§ **Work to complete**:
Beginning with the line that holds "Riverfront Cabin: Iconic" and ending with the last line of the entries below, copy every line exactly and nothing else, with the pictures left out.

§ **Provided material**:
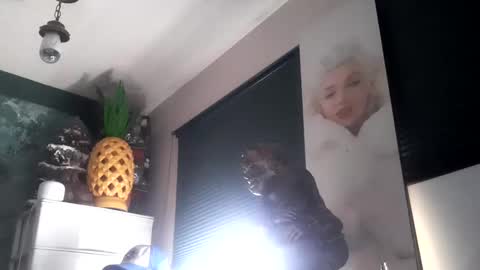 Snapshot of nastysubs69 chatting on October 8, 2025, 6:38 pm nastysubs69 online show from October 8, 2025, 6:38 pm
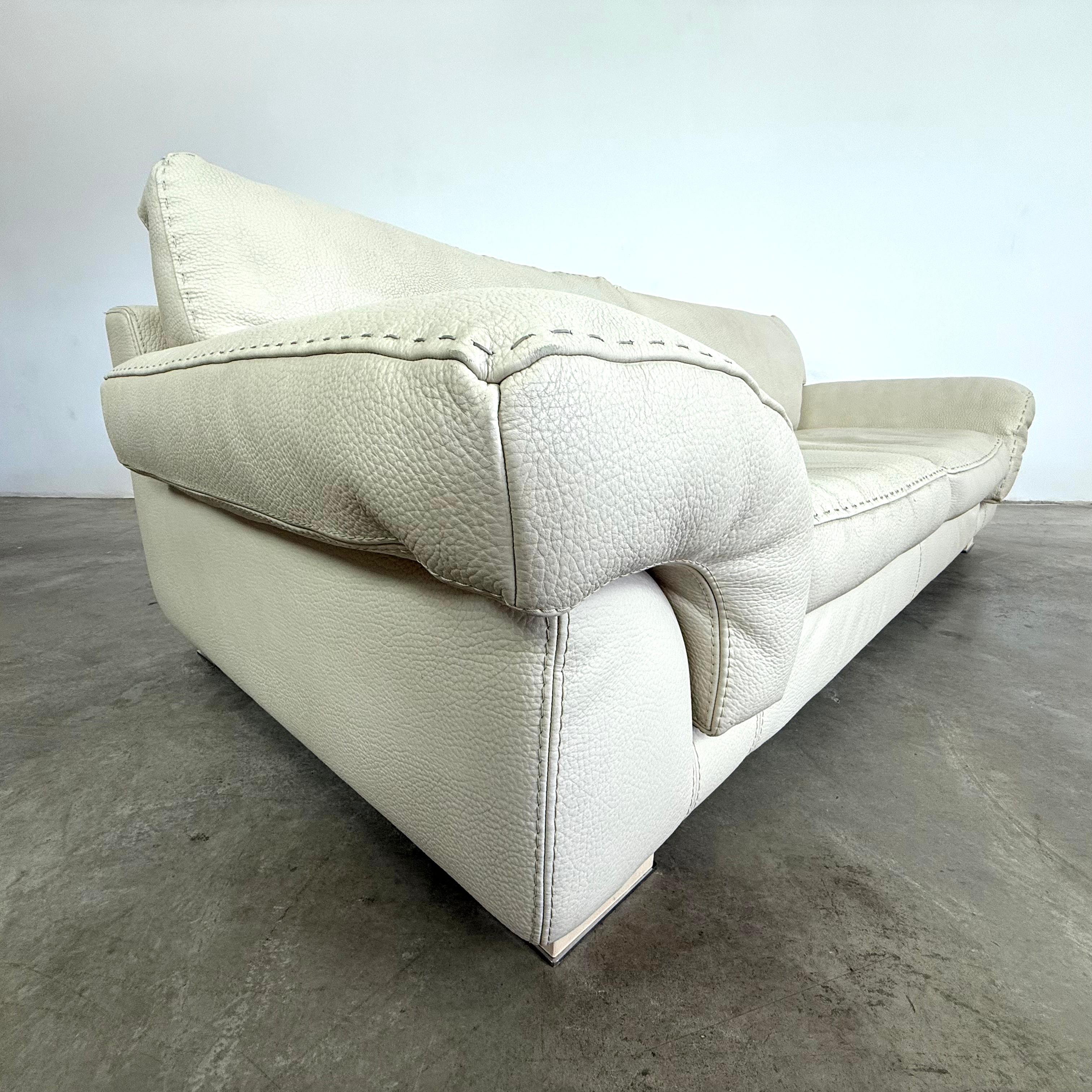 Roche Bobois White Leather Sofa In Good Condition For Sale In Bridgeport, CT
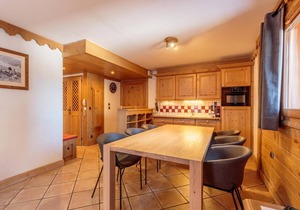 50m from ski slopes, 3rd floor, view mountain, fitness, swimming pool, sauna, hammam, balcony, tv
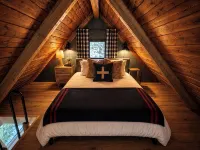 Riverfront Cabin: Iconic Mt. Index Views & Hot Tub - Alppimaja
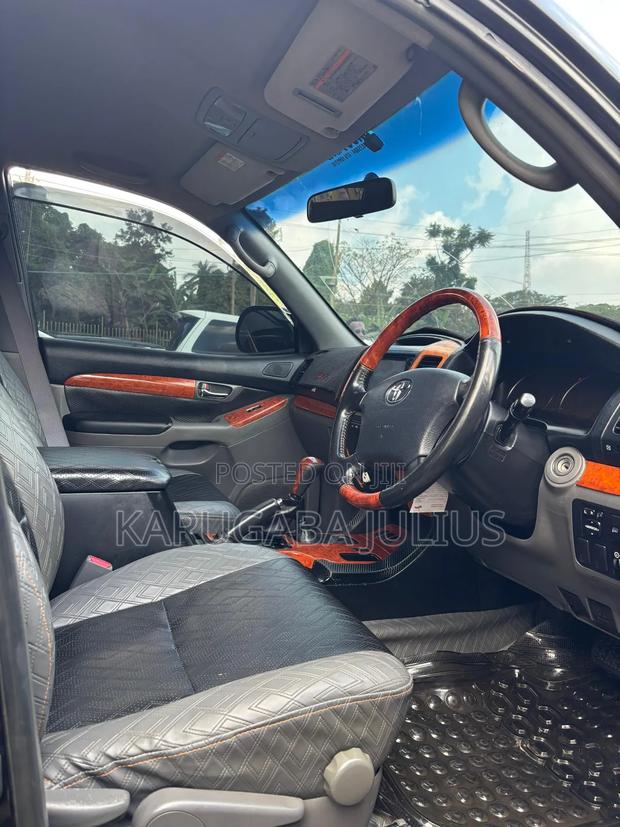 Toyota Land Cruiser Prado 2007 Black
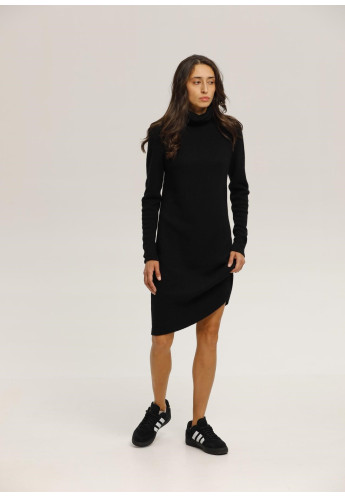 Сукня з високою горловиною чорна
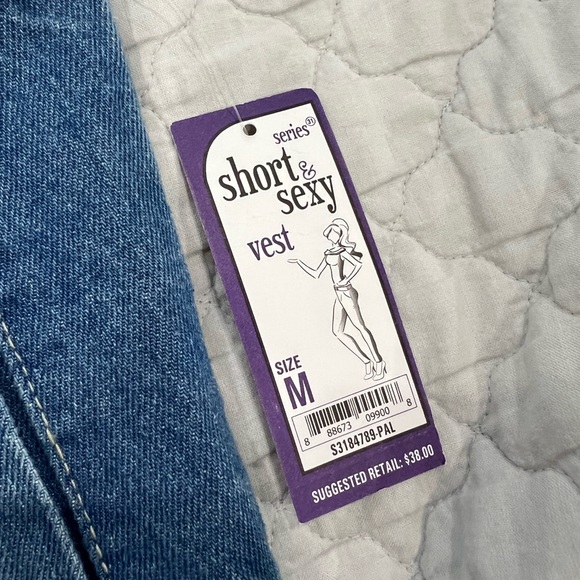 NWT DISTRESSED DENIM VEST SIZE MEDIUM - Picture 7 of 9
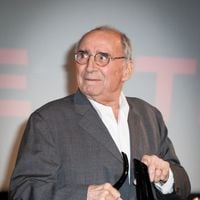EXCLU Claude Brasseur : Sa maison d'enfance dans un village médiéval, perché des Alpes-Maritimes, est devenue un haut lieu réputé !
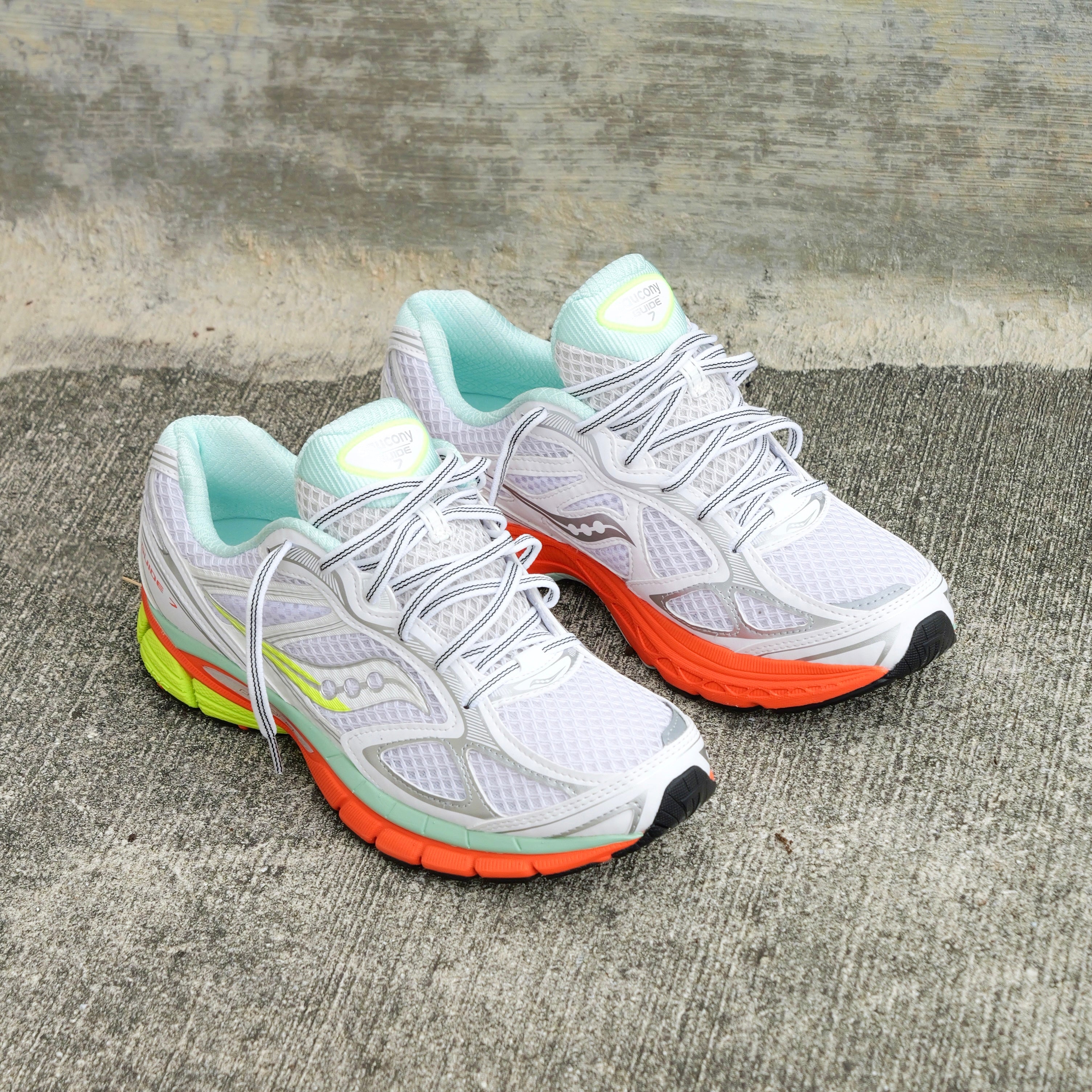 Mens Saucony ProGrid Guide 7 (White/Multi) - Saucony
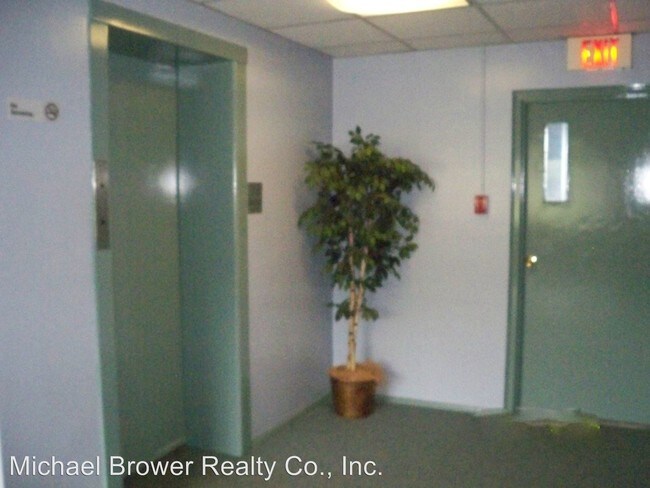 Building Photo - 70 Polifly Rd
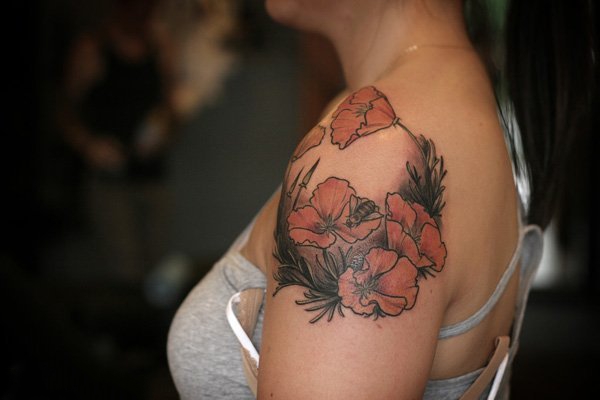 点击大图看下一张：罂粟花纹身图片  妖艳致命的罂粟花纹身图案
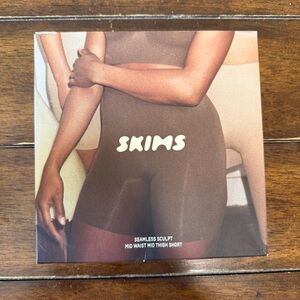 SKIMS Seamless Sculpt Mid Thigh Short in Mica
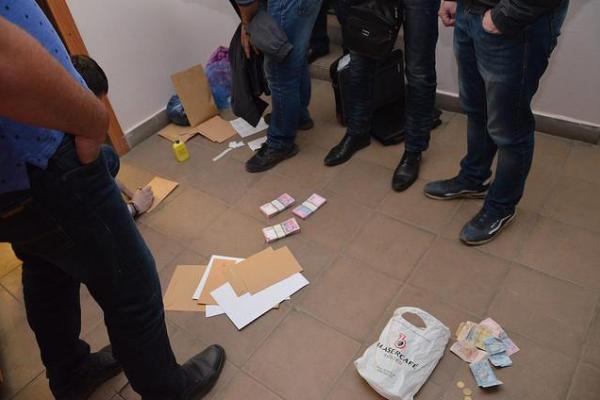 На Ивано-Франковщине за взяточничество задержан руководитель управления Госгеокадастра На Ивано-Франковщине за взяточничество задержан руководитель управления Госгеокадастра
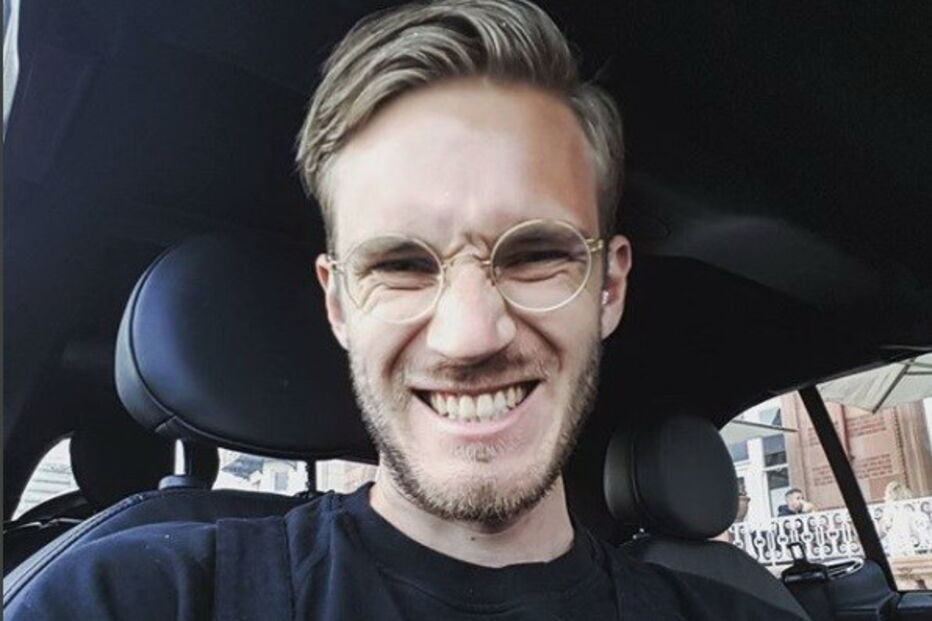 Felix Arvid Ulf Kjellberg, mais conhecido por PewDiePie, é um dos mais famosos Youtubers do mundo. O sueco aparece em 7.º lugar da lista dos homens mais bonitos do mundo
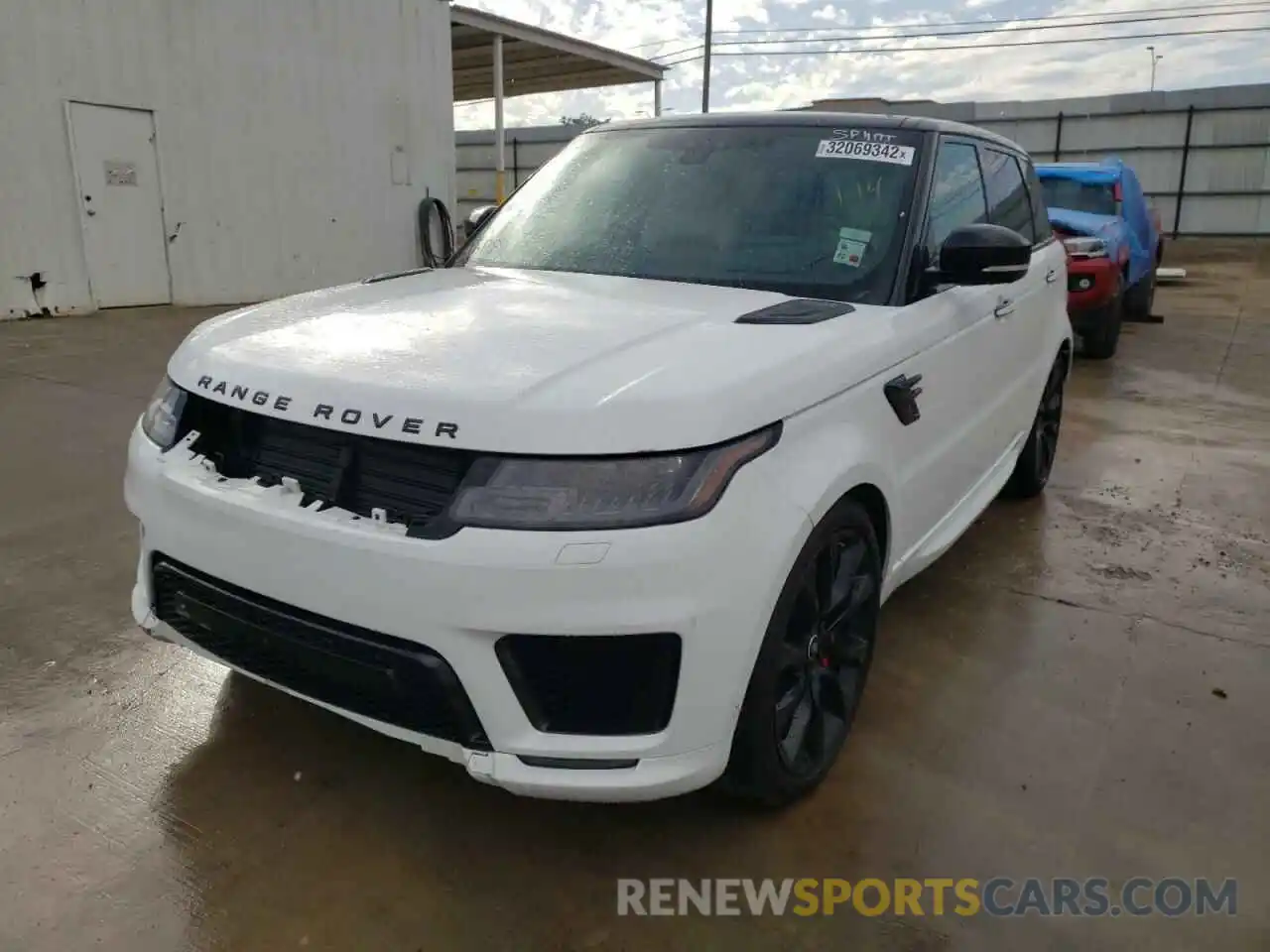 2 Фотография поврежденного автомобиля SALWS2RU0LA709864 LAND ROVER RANGEROVER 2020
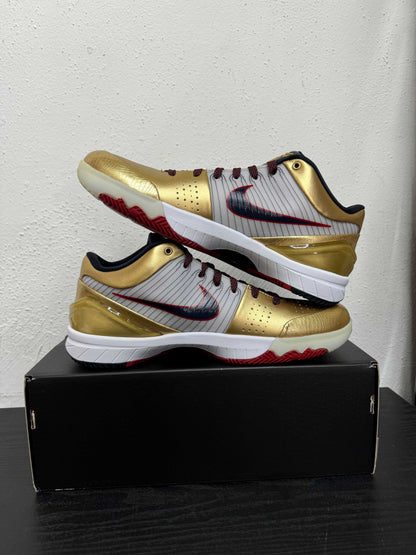 KOBE 4 PROTRO GOLD MEDAL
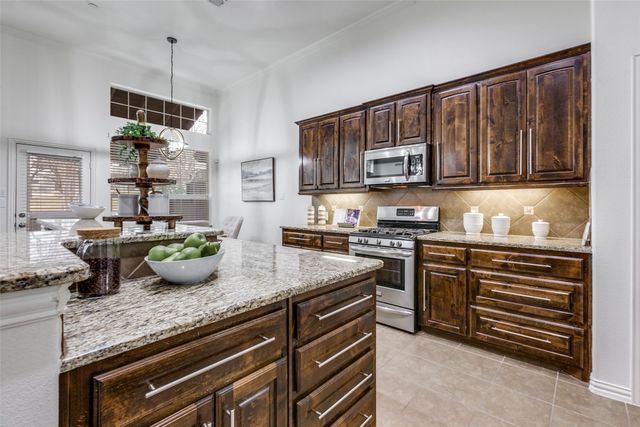 1907 Osprey Lane, Garland, TX 75044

§ **Output of the task**:
 Riverfront Cabin: Iconic Mt. Index Views & Hot Tub - Alppimaja
 Toyota Land Cruiser Prado 2007 Black
 Сукня з високою горловиною чорна
 NWT DISTRESSED DENIM VEST SIZE MEDIUM - Picture 7 of 9
EXCLU Claude Brasseur : Sa maison d'enfance dans un village médiéval, perché des Alpes-Maritimes, est devenue un haut lieu réputé !
 Mens Saucony ProGrid Guide 7 (White/Multi) - Saucony
 Building Photo - 70 Polifly Rd
 点击大图看下一张：罂粟花纹身图片  妖艳致命的罂粟花纹身图案
 SKIMS Seamless Sculpt Mid Thigh Short in Mica
 На Ивано-Франковщине за взяточничество задержан руководитель управления Госгеокадастра На Ивано-Франковщине за взяточничество задержан руководитель управления Госгеокадастра
 Felix Arvid Ulf Kjellberg, mais conhecido por PewDiePie, é um dos mais famosos Youtubers do mundo. O sueco aparece em 7.º lugar da lista dos homens mais bonitos do mundo
 2 Фотография поврежденного автомобиля SALWS2RU0LA709864 LAND ROVER RANGEROVER 2020
 KOBE 4 PROTRO GOLD MEDAL
 1907 Osprey Lane, Garland, TX 75044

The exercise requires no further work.